En distintas ciudades de Colombia, la presencia de la comunidad venezolana de segunda generación —hijos de migrantes que llegaron durante los últimos años— empieza a reflejarse en la vida cotidiana. En barrios y zonas comerciales, la gastronomía es uno de los primeros puentes culturales: cada vez es más común encontrar ventas de tequeños, arepas y letreros que anuncian “empanadas sin arroz”, adaptando las recetas tradicionales para responder tanto al gusto venezolano como al colombiano.
El proceso de integración, sin embargo, no ha estado exento de retos. Migrar sigue siendo un desafío profundo para quienes deben rehacer su vida en un nuevo país, especialmente para los más jóvenes que, aunque nacidos o criados en Colombia, mantienen vínculos culturales y familiares con Venezuela. Factores como la adaptación social, las diferencias en costumbres y las barreras económicas pueden generar tensiones en algunos espacios.
A pesar de estas dificultades, la sociedad colombiana ha mostrado, en muchos casos, apertura y solidaridad. La historia compartida entre ambos pueblos y la cercanía cultural han facilitado la construcción de lazos, aunque el proceso es gradual y requiere tiempo, confianza mutua y políticas públicas que promuevan la inclusión.

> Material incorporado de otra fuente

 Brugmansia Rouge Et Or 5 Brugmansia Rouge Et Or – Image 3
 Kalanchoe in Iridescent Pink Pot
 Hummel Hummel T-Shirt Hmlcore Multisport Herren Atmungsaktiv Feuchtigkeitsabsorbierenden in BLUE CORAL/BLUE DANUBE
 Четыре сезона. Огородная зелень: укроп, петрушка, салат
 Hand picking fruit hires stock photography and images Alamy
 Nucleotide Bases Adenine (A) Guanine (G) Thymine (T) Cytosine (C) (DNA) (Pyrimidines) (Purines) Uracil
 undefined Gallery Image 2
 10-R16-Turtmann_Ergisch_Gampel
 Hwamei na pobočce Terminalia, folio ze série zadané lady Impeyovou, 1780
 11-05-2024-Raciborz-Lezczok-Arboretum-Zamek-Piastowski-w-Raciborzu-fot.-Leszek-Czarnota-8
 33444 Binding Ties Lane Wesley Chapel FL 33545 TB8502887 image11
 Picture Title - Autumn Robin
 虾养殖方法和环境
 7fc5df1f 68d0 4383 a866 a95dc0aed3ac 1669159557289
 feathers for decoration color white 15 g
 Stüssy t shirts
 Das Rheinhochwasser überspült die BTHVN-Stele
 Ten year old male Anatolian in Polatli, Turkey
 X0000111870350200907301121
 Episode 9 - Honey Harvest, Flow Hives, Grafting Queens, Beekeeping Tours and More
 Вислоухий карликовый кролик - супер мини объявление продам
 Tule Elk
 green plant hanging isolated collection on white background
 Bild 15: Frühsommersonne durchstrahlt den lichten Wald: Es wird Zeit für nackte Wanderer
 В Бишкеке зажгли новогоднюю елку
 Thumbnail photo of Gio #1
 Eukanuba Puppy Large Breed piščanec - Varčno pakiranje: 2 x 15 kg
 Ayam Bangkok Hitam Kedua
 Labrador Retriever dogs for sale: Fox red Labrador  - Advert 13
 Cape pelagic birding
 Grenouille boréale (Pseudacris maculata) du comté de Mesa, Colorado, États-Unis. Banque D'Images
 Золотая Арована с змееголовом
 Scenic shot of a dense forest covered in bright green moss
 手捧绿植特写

Es innegable que, en numerosos sectores, los venezolanos representan mano de obra calificada y han contribuido a dinamizar economías locales, aportar nuevas habilidades y enriquecer el panorama cultural. La interculturalidad que se vive en las calles, mercados y espacios públicos es prueba de que, con diálogo y respeto, es posible fortalecer la convivencia y aprovechar las fortalezas que cada comunidad aporta.